Transcribe word for word the section of the records below that opens with the line containing "So in conclusion, taking" and closes with the line containing "One of the other"; drop every picture.

→ **Working data**:
- Opening Delimiter -
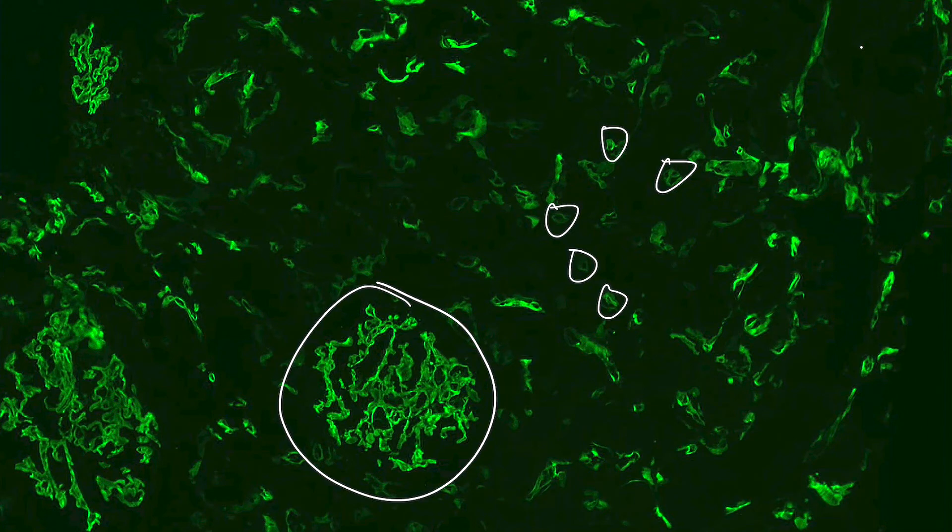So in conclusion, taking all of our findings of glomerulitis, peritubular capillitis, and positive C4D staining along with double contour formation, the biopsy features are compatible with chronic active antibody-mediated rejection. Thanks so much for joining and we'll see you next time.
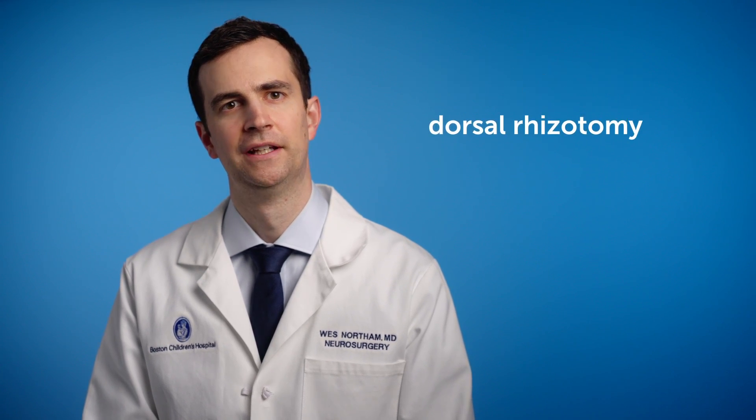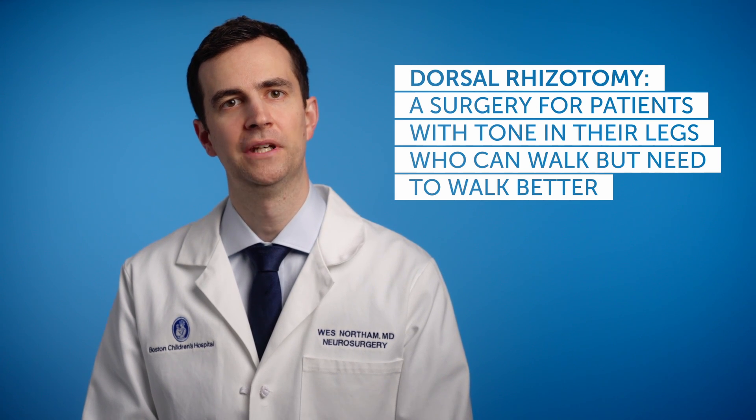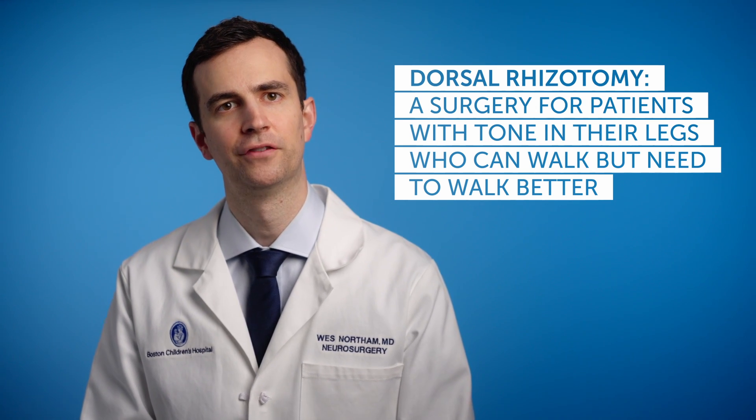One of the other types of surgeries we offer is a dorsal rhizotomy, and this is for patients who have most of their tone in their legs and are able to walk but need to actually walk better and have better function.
- Closing Delimiter -
- Opening Delimiter -
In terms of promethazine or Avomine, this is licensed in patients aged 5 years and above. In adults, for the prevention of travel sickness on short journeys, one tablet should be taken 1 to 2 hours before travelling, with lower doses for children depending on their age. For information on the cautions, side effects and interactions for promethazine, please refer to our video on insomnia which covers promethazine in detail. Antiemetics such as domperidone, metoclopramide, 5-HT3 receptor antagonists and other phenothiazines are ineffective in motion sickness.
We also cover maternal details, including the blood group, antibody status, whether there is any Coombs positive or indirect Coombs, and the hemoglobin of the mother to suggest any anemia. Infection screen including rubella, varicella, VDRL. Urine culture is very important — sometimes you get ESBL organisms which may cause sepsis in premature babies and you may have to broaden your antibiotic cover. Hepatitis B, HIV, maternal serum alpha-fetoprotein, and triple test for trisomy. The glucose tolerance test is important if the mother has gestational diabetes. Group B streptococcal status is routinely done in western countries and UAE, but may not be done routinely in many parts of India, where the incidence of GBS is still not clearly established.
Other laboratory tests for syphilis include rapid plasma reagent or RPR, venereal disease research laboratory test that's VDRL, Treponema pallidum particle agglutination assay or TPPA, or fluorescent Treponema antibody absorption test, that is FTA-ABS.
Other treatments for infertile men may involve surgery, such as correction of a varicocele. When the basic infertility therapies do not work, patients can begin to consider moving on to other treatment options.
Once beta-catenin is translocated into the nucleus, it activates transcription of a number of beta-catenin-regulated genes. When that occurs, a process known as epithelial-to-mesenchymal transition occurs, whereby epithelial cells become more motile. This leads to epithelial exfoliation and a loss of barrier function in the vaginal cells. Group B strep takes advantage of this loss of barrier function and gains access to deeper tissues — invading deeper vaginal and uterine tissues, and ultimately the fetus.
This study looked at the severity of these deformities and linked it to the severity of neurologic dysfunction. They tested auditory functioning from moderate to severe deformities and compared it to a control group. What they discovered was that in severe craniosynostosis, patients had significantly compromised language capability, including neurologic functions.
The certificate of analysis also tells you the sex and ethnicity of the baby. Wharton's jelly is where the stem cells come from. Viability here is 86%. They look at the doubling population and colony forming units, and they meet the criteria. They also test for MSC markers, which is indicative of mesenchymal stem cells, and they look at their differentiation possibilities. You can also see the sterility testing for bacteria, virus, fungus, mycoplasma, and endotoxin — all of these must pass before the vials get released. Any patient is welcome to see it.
- Closing Delimiter -
→ **Your solution**:
So in conclusion, taking all of our findings of glomerulitis, peritubular capillitis, and positive C4D staining along with double contour formation, the biopsy features are compatible with chronic active antibody-mediated rejection. Thanks so much for joining and we'll see you next time.
One of the other types of surgeries we offer is a dorsal rhizotomy, and this is for patients who have most of their tone in their legs and are able to walk but need to actually walk better and have better function.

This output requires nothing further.